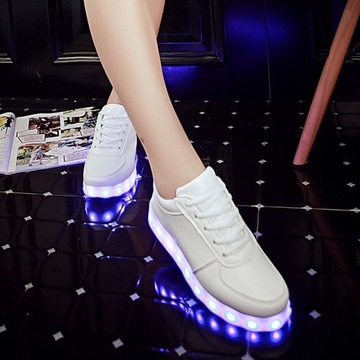 Кроссовки LED HIT SHUFFLE DANCE FASHION СВЕТЯЩИЕСЯ MEGA R.34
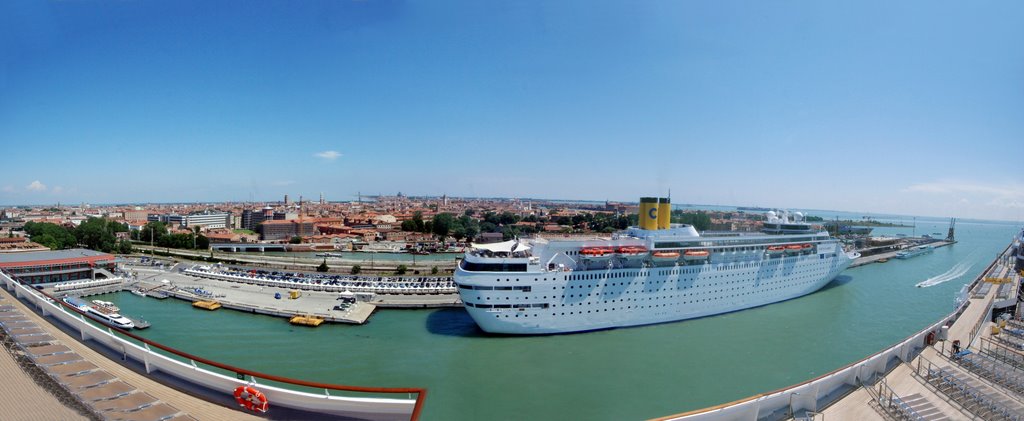 Venezia sullo sfondo vista dalla Costa Fortuna by cek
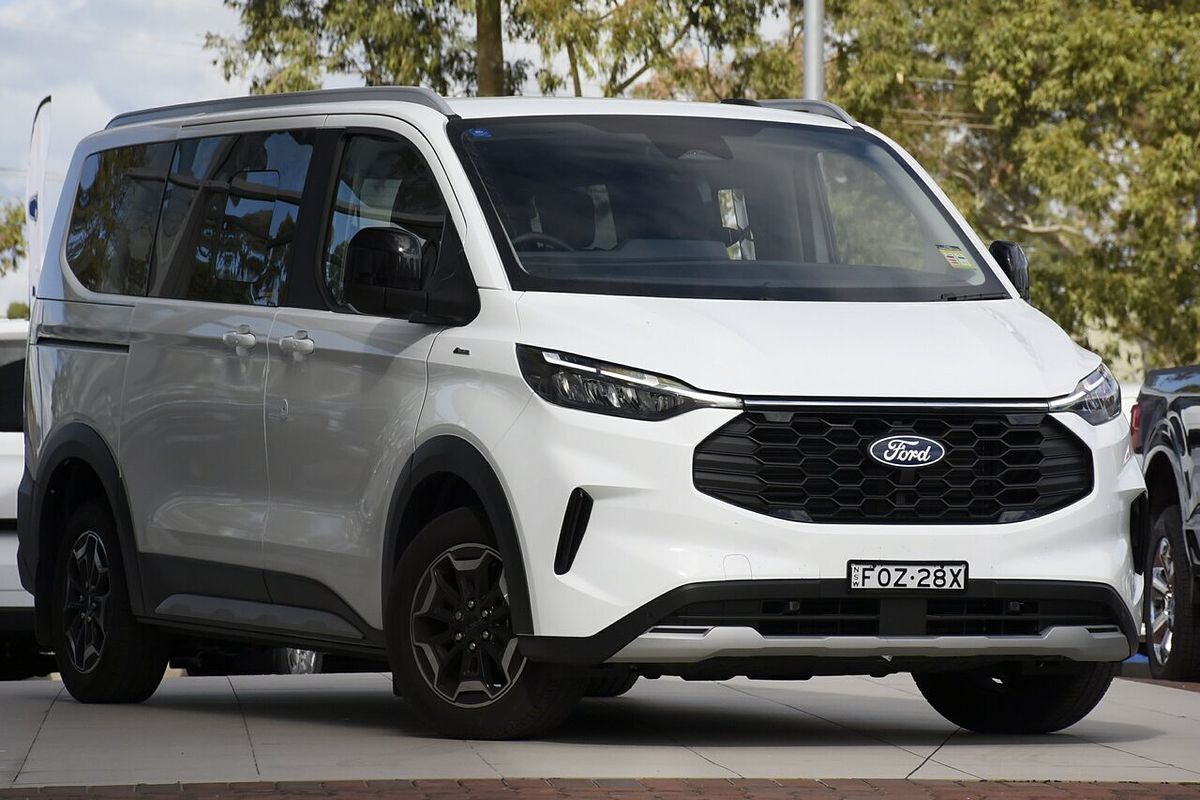 2024 Ford Tourneo Active AV SWB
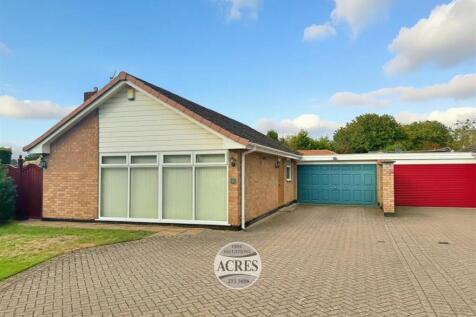 Highcroft Drive, Four Oaks, Sutton... 3 bed detached bungalow for sale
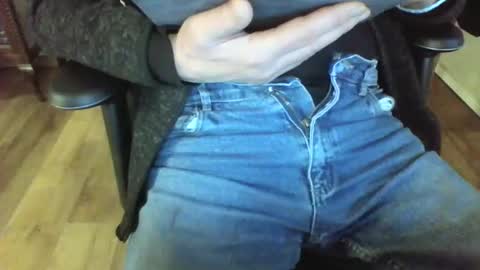 Snapshot of mik116 chatting on January 8, 2025, 2:46 pm mik online show from January 8, 2025, 2:46 pm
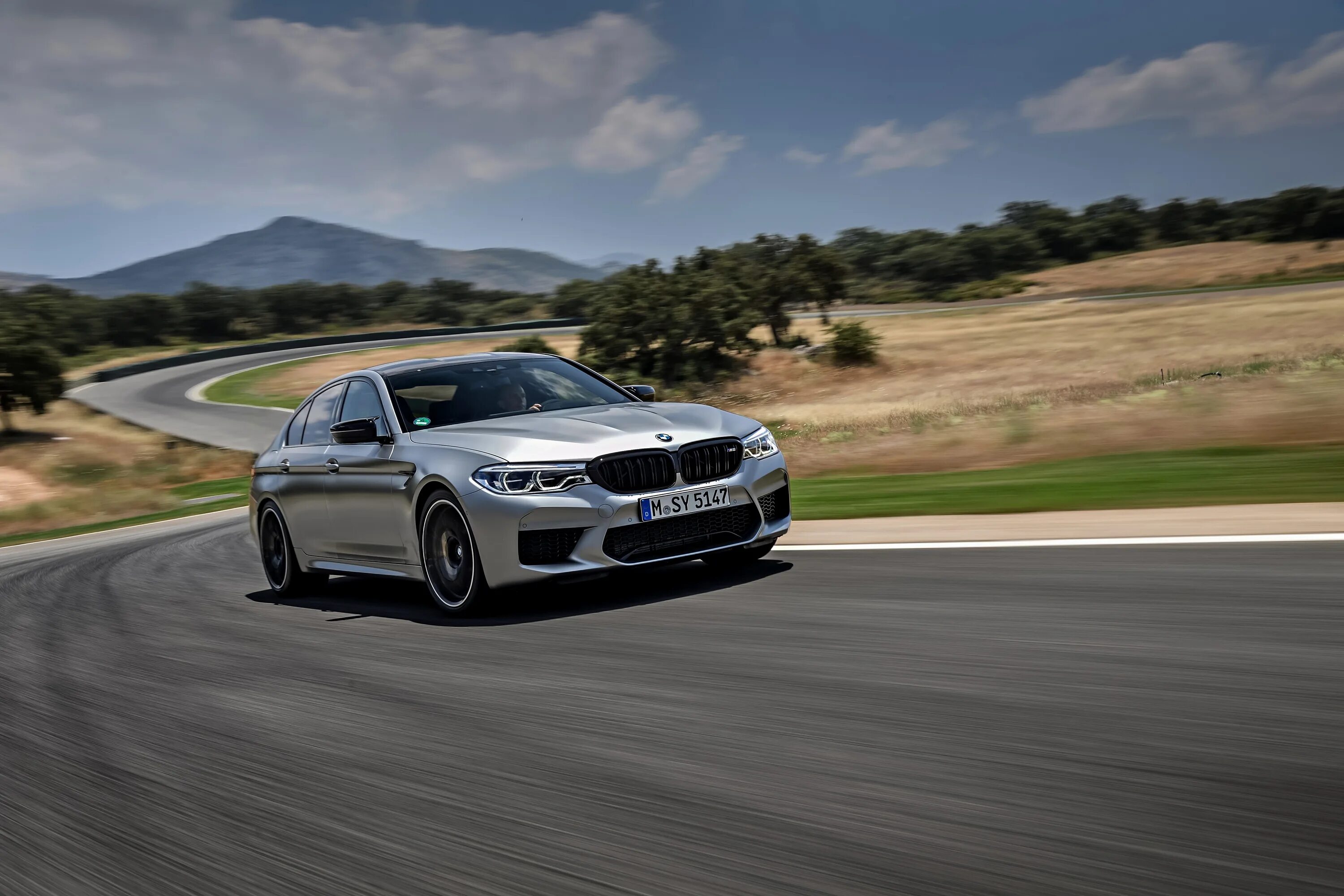 Bmw m5 f90 livery. Подо мной м4. Подо мной м4. Магистраль м4 дон. М4 автомагистраль.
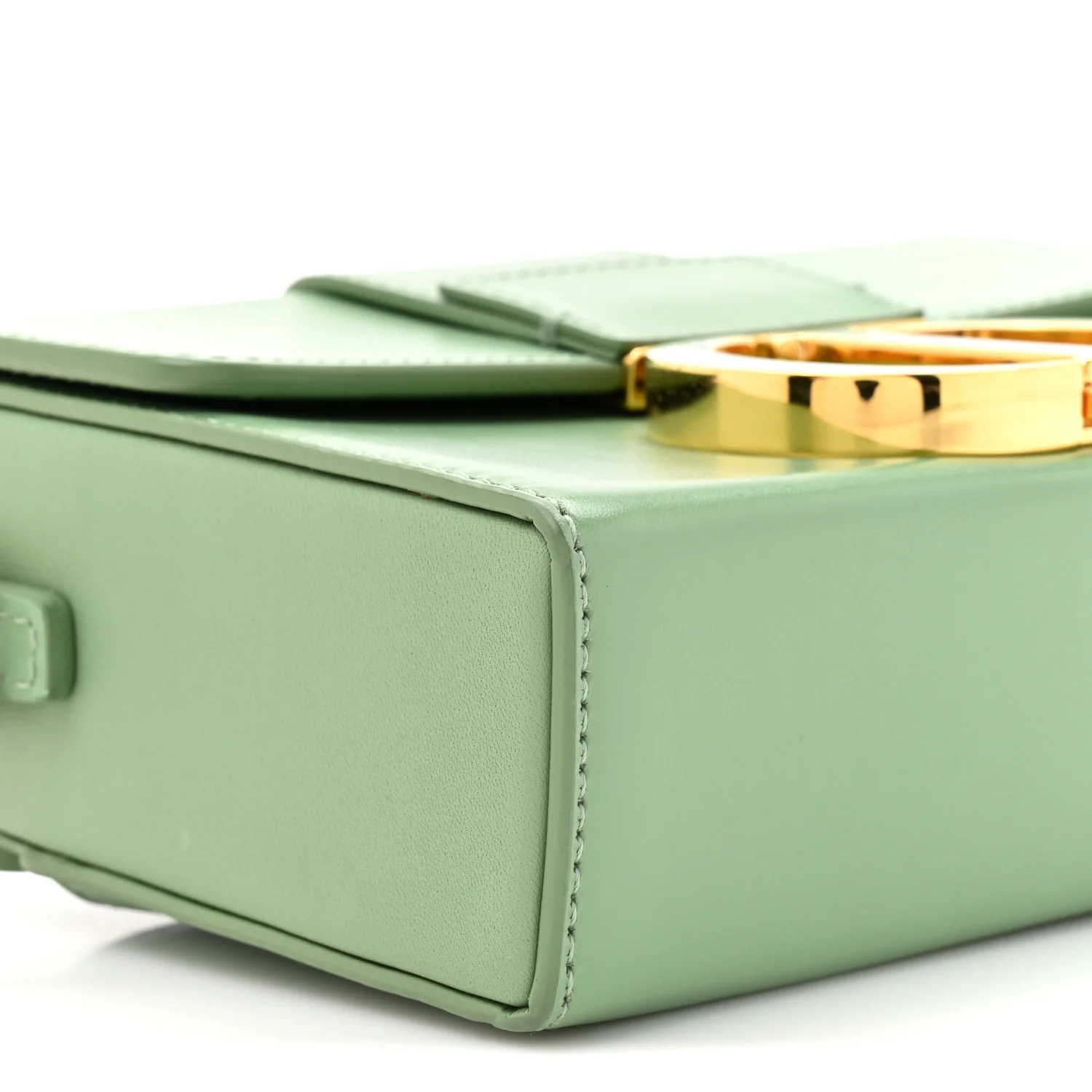 Box Calfskin 30 Montaigne Box Bag Mint Green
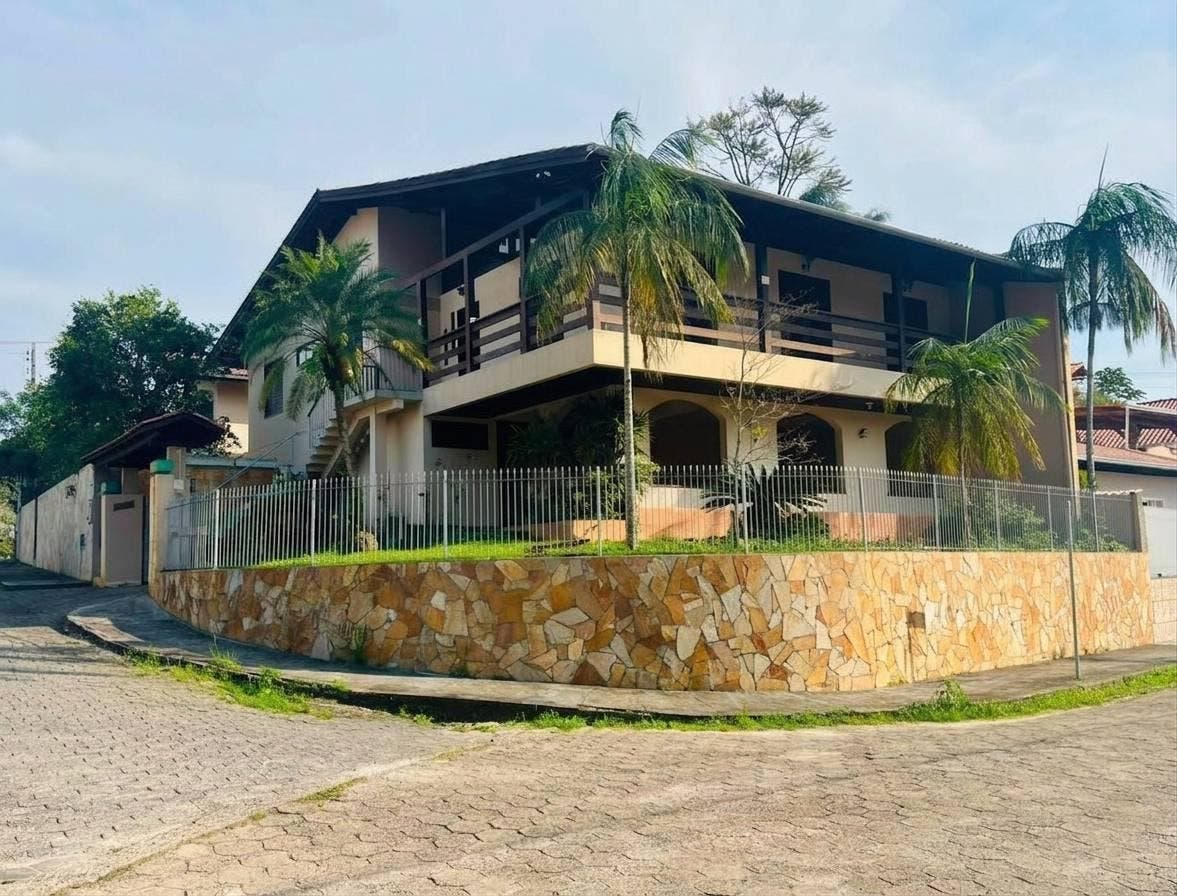 Casa com 4 quartos à Venda, Bela Vista - Gaspar - Casa em Bela Vista, Gaspar - à venda - Tomio Imoveis Ltda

WHAT IS REQUIRED
Could you repeat all of the material exactly? Pictures should not be copied.

EXPECTED OUTPUT
 Кроссовки LED HIT SHUFFLE DANCE FASHION СВЕТЯЩИЕСЯ MEGA R.34
 Venezia sullo sfondo vista dalla Costa Fortuna by cek
 2024 Ford Tourneo Active AV SWB
 Highcroft Drive, Four Oaks, Sutton... 3 bed detached bungalow for sale
 Snapshot of mik116 chatting on January 8, 2025, 2:46 pm mik online show from January 8, 2025, 2:46 pm
 Bmw m5 f90 livery. Подо мной м4. Подо мной м4. Магистраль м4 дон. М4 автомагистраль.
 Box Calfskin 30 Montaigne Box Bag Mint Green
 Casa com 4 quartos à Venda, Bela Vista - Gaspar - Casa em Bela Vista, Gaspar - à venda - Tomio Imoveis Ltda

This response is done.